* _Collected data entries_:
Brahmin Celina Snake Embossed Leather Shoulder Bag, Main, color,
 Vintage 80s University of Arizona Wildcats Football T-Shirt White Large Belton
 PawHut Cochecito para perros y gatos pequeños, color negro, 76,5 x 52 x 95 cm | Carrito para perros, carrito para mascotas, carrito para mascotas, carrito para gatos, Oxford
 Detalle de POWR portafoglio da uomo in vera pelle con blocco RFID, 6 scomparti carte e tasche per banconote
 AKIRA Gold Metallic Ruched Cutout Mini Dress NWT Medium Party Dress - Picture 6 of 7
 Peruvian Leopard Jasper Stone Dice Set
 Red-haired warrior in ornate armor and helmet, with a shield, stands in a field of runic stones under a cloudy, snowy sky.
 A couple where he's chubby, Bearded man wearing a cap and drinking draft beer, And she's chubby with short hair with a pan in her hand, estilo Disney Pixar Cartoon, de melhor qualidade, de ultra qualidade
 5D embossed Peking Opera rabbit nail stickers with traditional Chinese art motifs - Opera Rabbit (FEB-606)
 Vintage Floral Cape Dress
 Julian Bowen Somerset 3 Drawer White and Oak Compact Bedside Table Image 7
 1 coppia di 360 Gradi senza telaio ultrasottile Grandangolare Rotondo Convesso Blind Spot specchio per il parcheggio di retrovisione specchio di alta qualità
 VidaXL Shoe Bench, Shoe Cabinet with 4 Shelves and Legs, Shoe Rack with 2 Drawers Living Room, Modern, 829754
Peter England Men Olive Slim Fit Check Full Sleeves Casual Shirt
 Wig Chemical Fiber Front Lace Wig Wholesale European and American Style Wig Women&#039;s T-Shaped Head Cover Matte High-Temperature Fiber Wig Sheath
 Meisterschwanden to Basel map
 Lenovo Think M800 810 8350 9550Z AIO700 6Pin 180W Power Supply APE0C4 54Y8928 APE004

* _TASK DIRECTIONS_: Repeat the data exactly. Omit nothing.

* _ANSWER FOR THIS EXERCISE_:
Brahmin Celina Snake Embossed Leather Shoulder Bag, Main, color,
 Vintage 80s University of Arizona Wildcats Football T-Shirt White Large Belton
 PawHut Cochecito para perros y gatos pequeños, color negro, 76,5 x 52 x 95 cm | Carrito para perros, carrito para mascotas, carrito para mascotas, carrito para gatos, Oxford
 Detalle de POWR portafoglio da uomo in vera pelle con blocco RFID, 6 scomparti carte e tasche per banconote
 AKIRA Gold Metallic Ruched Cutout Mini Dress NWT Medium Party Dress - Picture 6 of 7
 Peruvian Leopard Jasper Stone Dice Set
 Red-haired warrior in ornate armor and helmet, with a shield, stands in a field of runic stones under a cloudy, snowy sky.
 A couple where he's chubby, Bearded man wearing a cap and drinking draft beer, And she's chubby with short hair with a pan in her hand, estilo Disney Pixar Cartoon, de melhor qualidade, de ultra qualidade
 5D embossed Peking Opera rabbit nail stickers with traditional Chinese art motifs - Opera Rabbit (FEB-606)
 Vintage Floral Cape Dress
 Julian Bowen Somerset 3 Drawer White and Oak Compact Bedside Table Image 7
 1 coppia di 360 Gradi senza telaio ultrasottile Grandangolare Rotondo Convesso Blind Spot specchio per il parcheggio di retrovisione specchio di alta qualità
 VidaXL Shoe Bench, Shoe Cabinet with 4 Shelves and Legs, Shoe Rack with 2 Drawers Living Room, Modern, 829754
Peter England Men Olive Slim Fit Check Full Sleeves Casual Shirt
 Wig Chemical Fiber Front Lace Wig Wholesale European and American Style Wig Women&#039;s T-Shaped Head Cover Matte High-Temperature Fiber Wig Sheath
 Meisterschwanden to Basel map
 Lenovo Think M800 810 8350 9550Z AIO700 6Pin 180W Power Supply APE0C4 54Y8928 APE004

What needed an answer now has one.